[Supplied data — start]

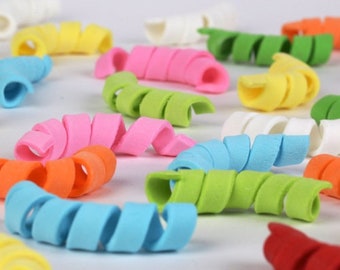 May include: Assortment of colorful, coiled, plastic pipe cleaners in various colors, including pink, orange, yellow, green, blue, and red.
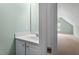 Bright bathroom with a clean white vanity and view to bonus room at 175 Georgetown Woods Dr, Youngsville, NC 27596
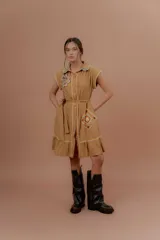 Vestido corto beige de algodón con cuello camisero y cierre frontal de botones. Presenta mangas cortas y detalles bordados a contratono en la zona del pecho y en los bolsillos, además de un volado en el ruedo.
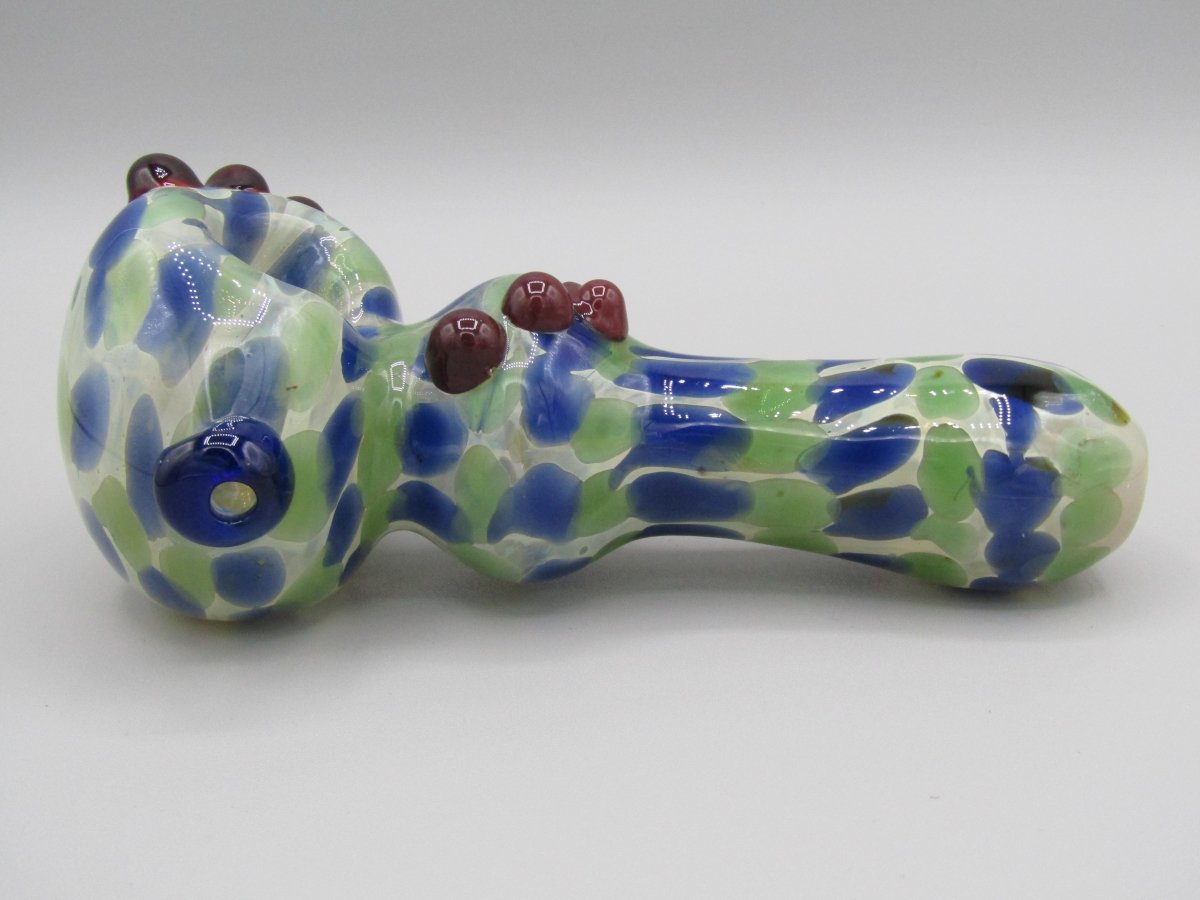 Left side view 6" double blown spoon hand pipe w/ multiple knockers...bubble trap and mixed fumed glass w/ blue/green/white color combo.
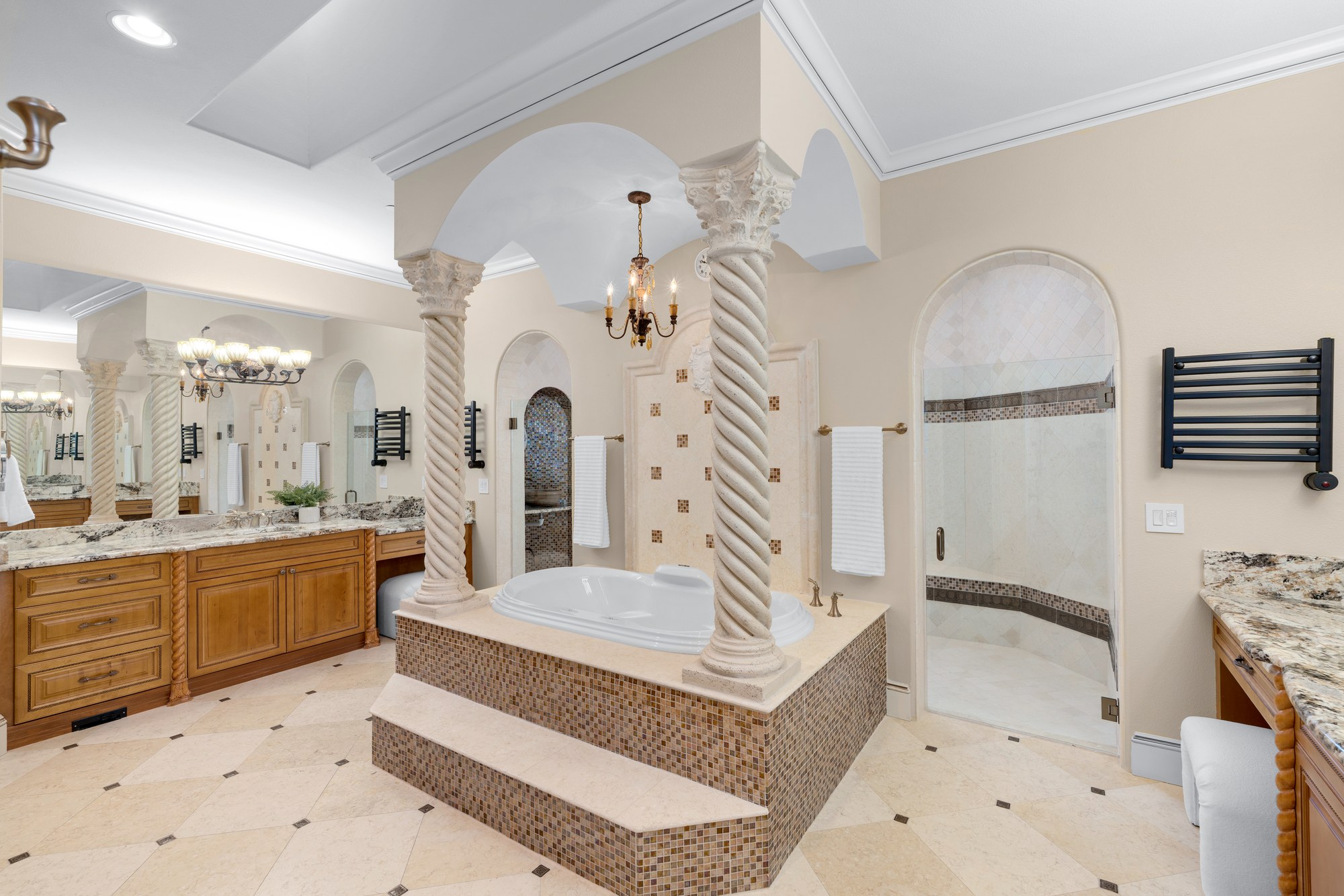 The primary bath's Roman soaking tub beneath a domed, columned alcove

[Supplied data — finish]

▶ **Task requirements**
An exact copy is needed of only the lines from the top of the material through the line with "Left side view"; no pictures belong in it.

▶ **Response to the exercise**
 May include: Assortment of colorful, coiled, plastic pipe cleaners in various colors, including pink, orange, yellow, green, blue, and red.
 Bright bathroom with a clean white vanity and view to bonus room at 175 Georgetown Woods Dr, Youngsville, NC 27596
 Vestido corto beige de algodón con cuello camisero y cierre frontal de botones. Presenta mangas cortas y detalles bordados a contratono en la zona del pecho y en los bolsillos, además de un volado en el ruedo.
 Left side view 6" double blown spoon hand pipe w/ multiple knockers...bubble trap and mixed fumed glass w/ blue/green/white color combo.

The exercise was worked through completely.